Last season, sugarbeet growers experienced significant disease pressure from one of the most destructive sugarbeet diseases – Rhizoctonia. This soilborne fungal disease causes significant yield loss by reducing tonnage and sugar content, as well as affecting quality in storage piles. Rhizoctonia can develop relatively early, and continue to develop throughout the entire growing season, depending on environmental conditions.

The battle against Rhizoctonia can be fought with proactive and timely management practices. Syngenta recommends the following tips for this season:

  • Use tillage and fertilization to promote crop growth
  • Ensure adequate soil drainage
  • Make timely fungicide applications (early rather than late), particularly on susceptible varieties
  • Avoid cultivation that dumps soil into the crown of young plants

Experts at the Michigan State University Extension recommend using a T-band in-furrow and/or an early foliar-banded application of Quadris® fungicide in Rhizoctonia management plans.

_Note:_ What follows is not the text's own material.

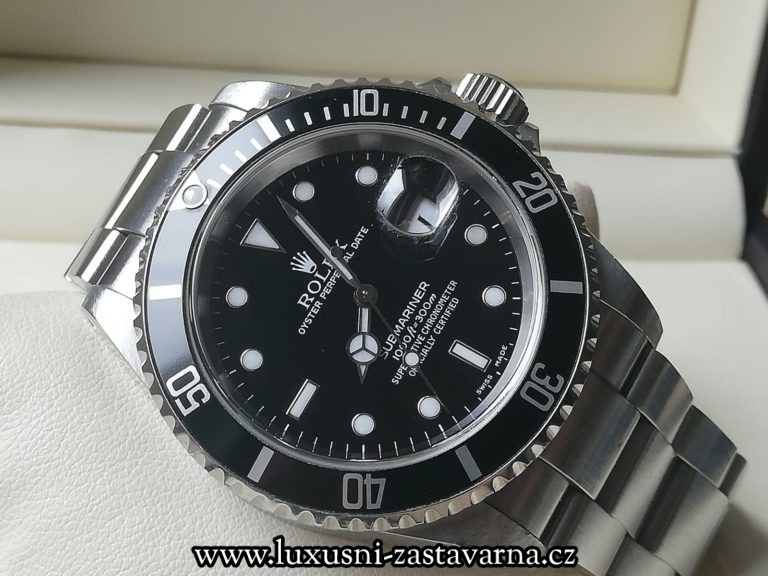 Rolex_Submariner_Date_40mm_013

Quadris offers optimal disease control and allows crops to efficiently utilize resources like nutrients and water. Quadris also offers:

  • Application flexibility and long-lasting residual disease control
  • Slow but steady systemic mobility to ensure sufficient coverage and distribution within the plant
  • Excellent activity against Rhizoctonia

In addition to utilizing fungicides, Michigan State University Extension recommends growers evaluate every sugarbeet field for the inoculum level of Rhizoctonia. This helps determine the effectiveness of management plans and can help predict Rhizoctonia levels the next time beets are grown in that field.

Choosing an early disease management plan, utilizing best agronomic practices and applying fungicides, when necessary, can help sugarbeets steer clear of Rhizoctonia and provide an increased chance for a successful season.